Satellite ML
CNN-based opium poppy detection on Sentinel-2 imagery — a research POC built at Scanpoint Geomatics.
Scanpoint Geomatics Ltd. (SGL) — ISRO technology partner
Client logo used with permission.
Project Overview
A research proof-of-concept built during my time at Scanpoint Geomatics, an Indian geospatial company and ISRO technology development partner. The goal was to evaluate whether convolutional neural networks could detect opium poppy cultivation in Sentinel-2 satellite imagery — a workflow currently dependent on manual analyst review across very large geographies.
The project used labelled training data from Afghanistan, provided by SGL, and produced a working end-to-end pipeline: from raw Sentinel-2 scenes through to coordinate-aligned shapefile outputs compatible with QGIS and SGL's IGiS platform.
This was R&D, not a deployed system. Productization decisions sat with SGL.
The Problem
Manual analyst review does not scale to the geographies poppy cultivation actually covers. Sentinel-2 provides freely available 10-meter resolution imagery globally with frequent revisit times, but raw imagery is just pixels — turning it into actionable detections requires either an army of trained analysts or a model that can do the first pass automatically.
The question SGL wanted answered was: can a CNN trained on labelled Afghan imagery produce detections accurate enough that a human analyst's role shifts from search to verification?
What I Built
Sentinel-2 scenes parsed with embedded geospatial metadata preserved, so every prediction can be traced back to real-world coordinates.
Large scenes split into overlapping patches with the geographic index preserved for downstream reassembly. Overlap matters because field boundaries near tile edges otherwise get cut in half.
The model was trained on the SGL-provided labelled dataset from Afghanistan. Class imbalance was the dominant training challenge: poppy fields are a tiny fraction of total agricultural area, so naive sampling gives a model that learns to predict "not poppy" almost all the time.
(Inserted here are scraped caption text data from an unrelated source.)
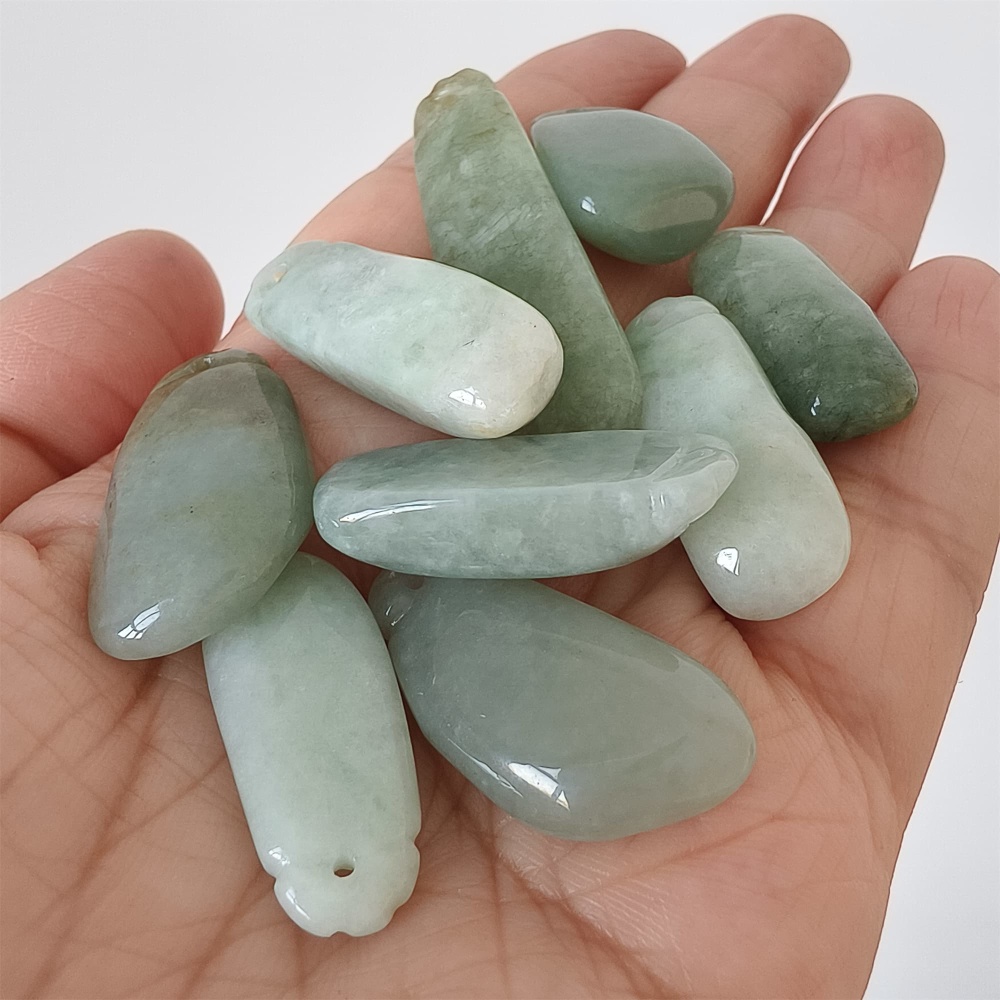 DDP | 9pcs Natural Certificated Type A 22.2-41X11.2-17mm Green Burmese Jadeite Blessed Melon Pendant,DIY Jewelry Supplies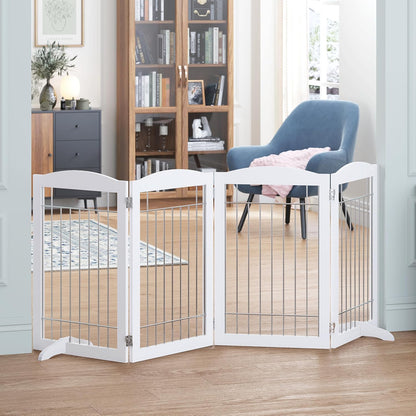 Spirich Freestanding Wire Pet Gate for Dogs, 30 inches Tall Dog Gate for The Houes, Doorway, Stairs, Pet Puppy Safety Fence,Set of Support Feet Included (Espresso, 4 Panels) ASIN: B07T8Z8NKL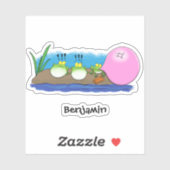 かわいいおもしろいカエルのバブルガム漫画イラストレーション シール (シート)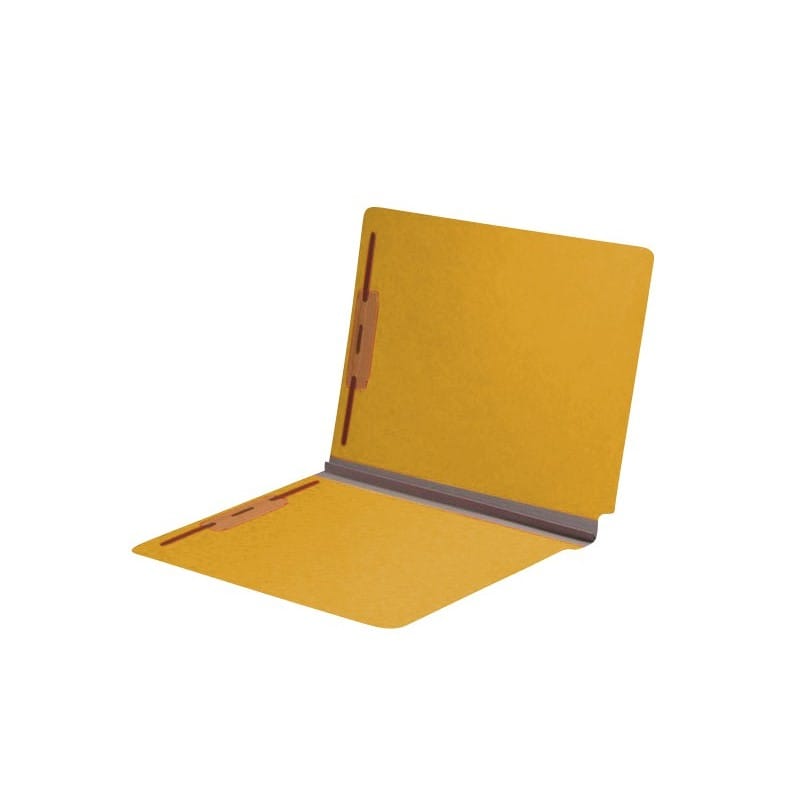 Yellow Type III Pressboard Folders, Full Cut END TAB, Letter Size, 2" Exp., Fastener Pos #1 & #3 (Box of 25)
Class imbalance — not model architecture — was the hardest problem. Poppy fields are a small fraction of total agricultural area, so without balanced sampling the model degenerates to predicting the majority class. Solving this first is what made the F1 0.87 result possible.
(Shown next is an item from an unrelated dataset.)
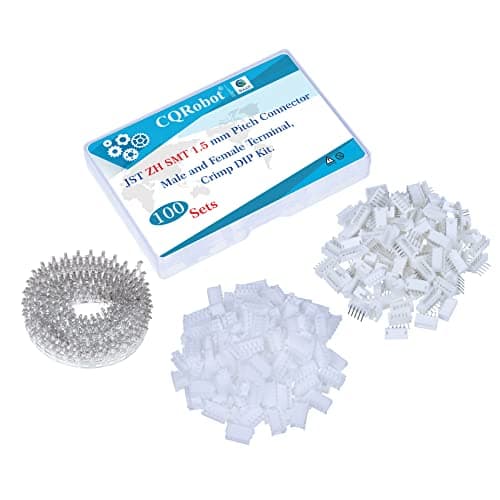 Image of CQRobot JST ZH SMD 1.5 mm Pitch 5-Pin Electronic Computer Connector IC Male Plugs, Female Sockets Housing and T-Shaped Crimp Terminal Kit. 100 Sets/700 Pieces Wire-to-Board Adapter Cable Assembly.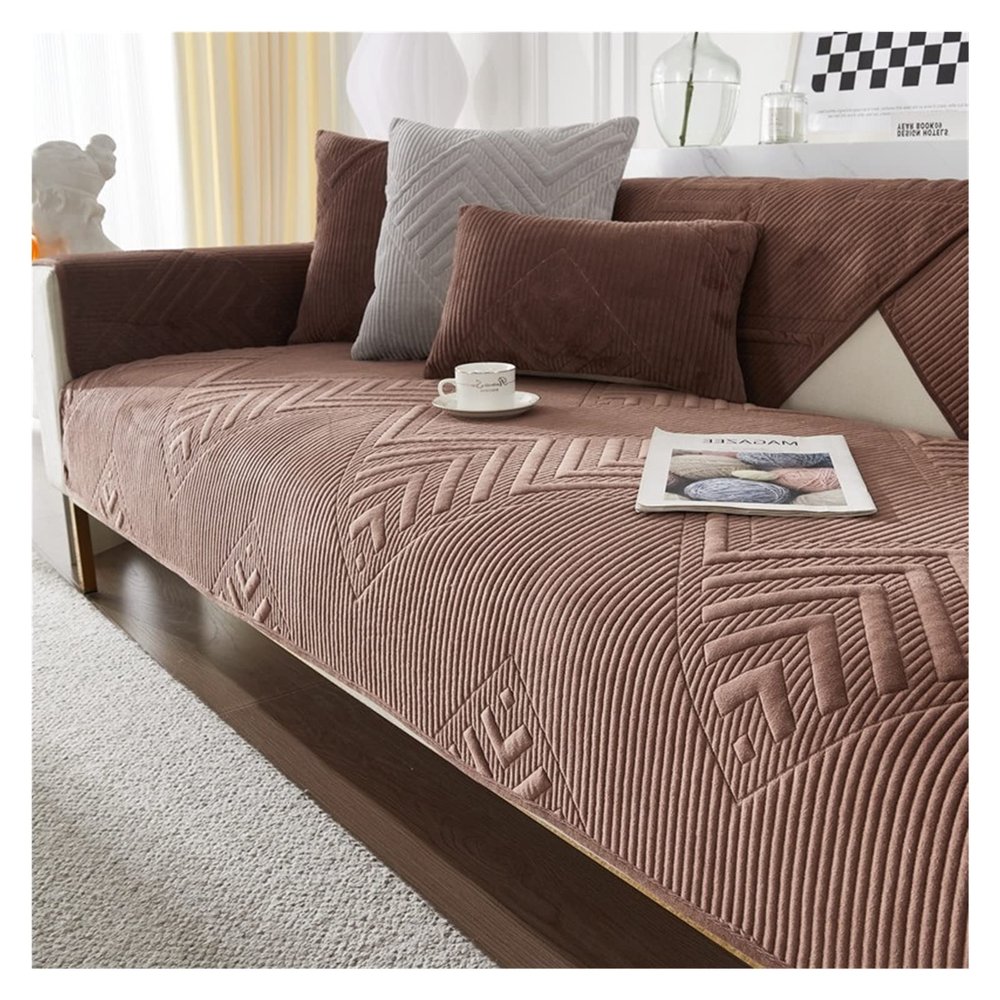 ALABOW Couch Covers Sectional L Shape Sofa Cover Pure Color Dutch Velvet Couch Cover 3 2 4 1 Seater Nordic Modern Sofa Slipcover Quilted Non-Slip Furniture Protector(X,70x180cm)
Tile-level predictions merged, noise artefacts suppressed, and final outputs written as shapefile polygons that load directly into QGIS and SGL's IGiS platform without further processing.
System Architecture
Sentinel-2 scenes loaded with embedded geospatial metadata preserved for coordinate-accurate downstream outputs.
Scenes split into overlapping geographic patches with the index preserved, so tile-level predictions can be reassembled into full-scene polygons.
Model trained on the labelled Afghanistan dataset. Class-balanced sampling addresses the dominant training challenge: positives are a tiny fraction of total agricultural area.
Tile predictions merged, noise suppressed, and final outputs written as shapefile polygons compatible with QGIS and SGL's IGiS platform.
Technologies Used
Result
F1 score of 0.87 on the held-out test set — strong enough to demonstrate the approach works for the use case, while still leaving meaningful room for productization improvements: false-positive characterisation, generalisation across non-Afghan geographies, and integration with revisit-time workflows.
The pipeline ran end-to-end in Docker, was reproducible across runs, and produced GIS outputs that loaded cleanly into IGiS without manual intervention.
What I'd Approach Differently Today
Start with a pre-trained backbone.
In 2024 I built a custom CNN. Today I'd start with a pre-trained segmentation backbone — something like SegFormer or a Sentinel-2-specific foundation model — and fine-tune from there. There has been real progress on geospatial foundation models, and the training-data labelling effort would be the same while the model architecture work would be smaller.
Data quality over architecture.
That is how I think about most ML projects now: time is better spent on data quality and the surrounding pipeline than on architecture, unless the architecture is genuinely the research question.